In terms of practical experience, what does Jesus mean, “He who comes after me must deny himself and take up his cross daily and follow me”? What does it mean to bear your cross daily? It means two things: First, to take up your cross is to surrender of the rule of your life to Jesus. It is a recognition that your life is not your own. I Cor. 16:20 says, ”You are not your own, you are bought with a price.” The illusion from the world is that we are the captains of our soul, that we have a right to do whatever we want. But that’s a lie. The Bible says “The earth is the LORD’S, and all it contains, the world, and those who dwell in it.” We are His creation. And He is the Sovereign King over all. And we must bow to Him.
So this is the beginning of true life: To recognize HIs sovereignty, to surrender your claim to yourself, to give up your right to run your own affairs, and to surrender to the Lordship of Jesus, to do what he says, and to stop what he says to stop. That isn’t always appealing. It means submitting my plans to the Lord’s master plan. But that’s what it means to die to yourself. To take up your cross.
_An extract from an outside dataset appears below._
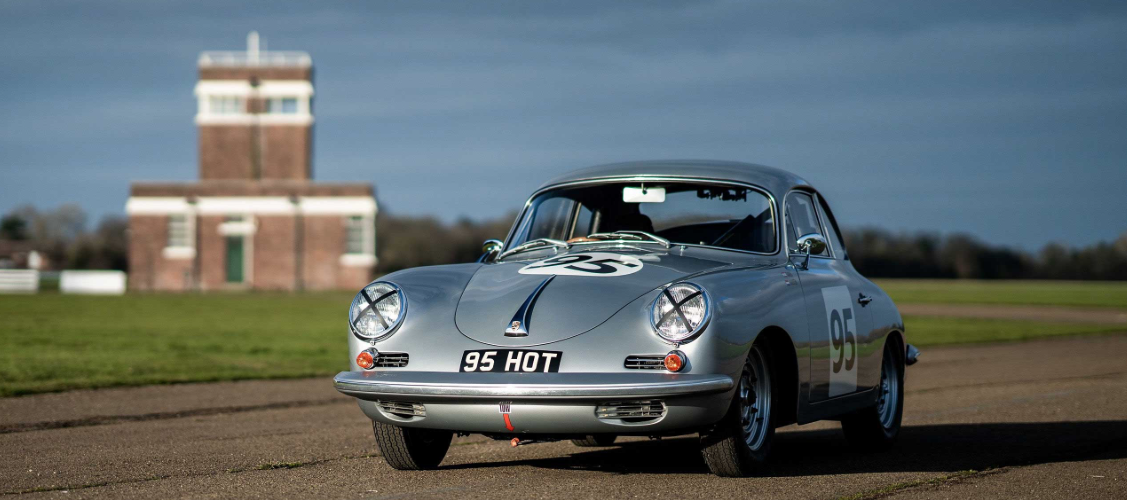 One of 40 Porsche 356B Carrera GT T5s comes up for sale - Magneto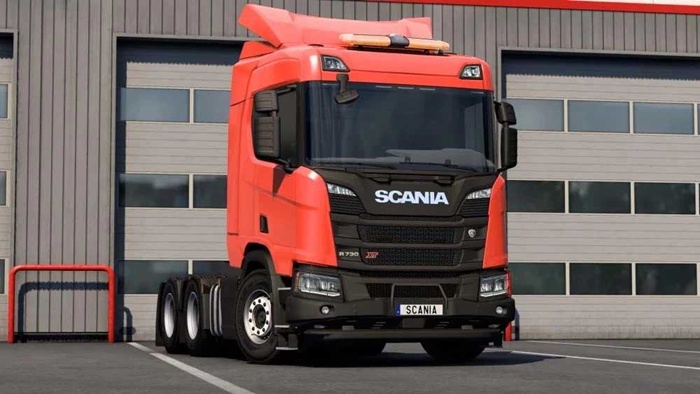 ETS2 - Scania Nextgen XT Pack V2.2.3 (1.55.x)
And it also means to daily follow up on that decision.Paul said I die daily. Keep doing what is right. Stop doing what is wrong, and do it all in the strength of the Holy Spirit. Die to the flesh so the you might live by the Spirit. That is how you will truly begin to live. And as a result of dying to your will, the power of new life will come, the power to do what is right. That’s the way to joy and the inner peace that Jesus spoke of earlier, true peace from knowing you are right with God, and a child of God.
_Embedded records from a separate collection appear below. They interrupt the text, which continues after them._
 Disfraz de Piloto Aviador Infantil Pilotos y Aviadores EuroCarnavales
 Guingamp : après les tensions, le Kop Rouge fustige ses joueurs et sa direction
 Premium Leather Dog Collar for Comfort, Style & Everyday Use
And that is the source of fruit in your life. You won’t have spiritual fruit until you die to yourself. I’ve been praying for a revival in this community, and even for a revival in this country. I would love to see this country experience something like the Great Awakening of the 18th century when preachers like George Whitfield and Jonathan Edwards and the Wesley brothers fanned the flames of a revival that set this nation on fire for God. But if we are ever going to see another revival like that again, then we need to learn the truth of what it means to die to ourselves. To die to the world’s agenda, to the social agenda, to the self actualization agenda of the world. When Christians learn to take up their cross and follow Jesus, then we will start seeing the fruit multiply and a harvest of souls for the kingdom of God.
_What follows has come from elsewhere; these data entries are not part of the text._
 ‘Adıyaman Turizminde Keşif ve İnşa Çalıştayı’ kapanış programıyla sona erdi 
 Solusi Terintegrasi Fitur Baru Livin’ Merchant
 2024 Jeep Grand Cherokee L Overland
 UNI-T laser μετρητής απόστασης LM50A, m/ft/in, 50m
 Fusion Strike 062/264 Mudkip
We’re going to celebrate with a young man right after our closing song who is going to be baptized in the ocean. He has decided to follow the Lord with all His heart and soul and serve the Lord for the rest of his life. And baptism symbolizes that beautifully. In baptism, our old way of life is buried with Christ in the likeness of His death, and raised with Him in the likeness of His resurrection to a new life, a fruitful life in Christ. I hope you will consider joining us immediately following this song to celebrate his decision. And I invite anyone here who has not yet made that commitment themselves to consider being baptized today. This is God’s way of making a public confession of your faith and commitment to die to the world and live for Christ. Today is your opportunity, this is your invitation. Acts 2:38 Peter said to them, “Repent, and each of you be baptized in the name of Jesus Christ for the forgiveness of your sins; and you will receive the gift of the Holy Spirit.”
Jesus said in vs.26 of our text; “If anyone serves Me, he must follow Me; and where I am, there My servant will be also; if anyone serves Me, the Father will honor him.” You can ensure that honor from God today by coming to be baptized as a token of your faith and repentance in Christ. Jesus said in Matt. 10:32 “Therefore everyone who confesses Me before men, I will also confess him before My Father who is in heaven.” Today is your opportunity. Let us pray.